_Activity_
Your output consists solely of the lines from the one that contains "1901 Coffee Mug" to the end of the material, each reproduced exactly; pictures do not belong in it.

_Input data_
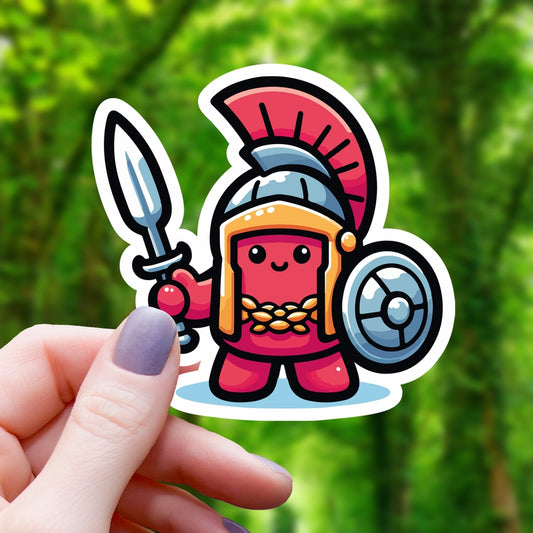 BOARD GAME FIGHTER PIECE STICKER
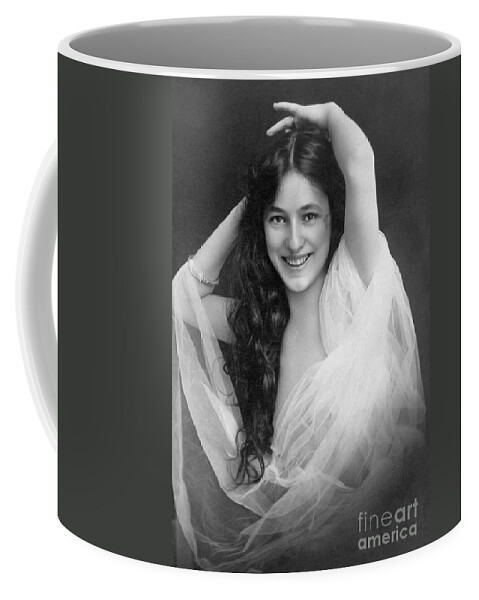 1901 Coffee Mug featuring the photograph Evelyn Nesbit #3 by Granger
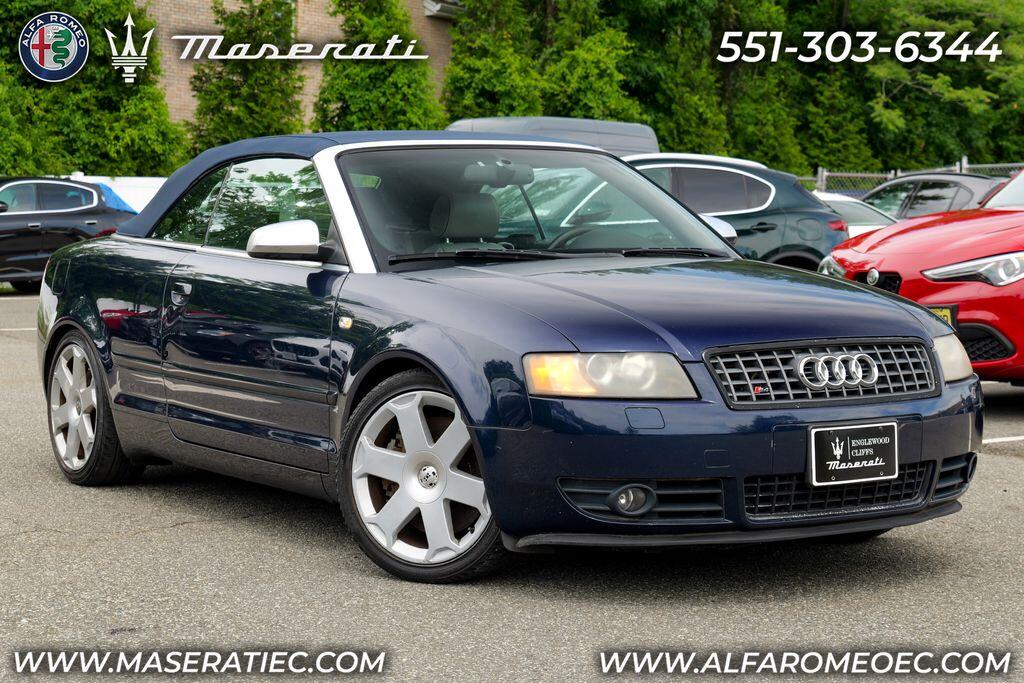 2005 Audi S4 Base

_Written response_
 1901 Coffee Mug featuring the photograph Evelyn Nesbit #3 by Granger
 2005 Audi S4 Base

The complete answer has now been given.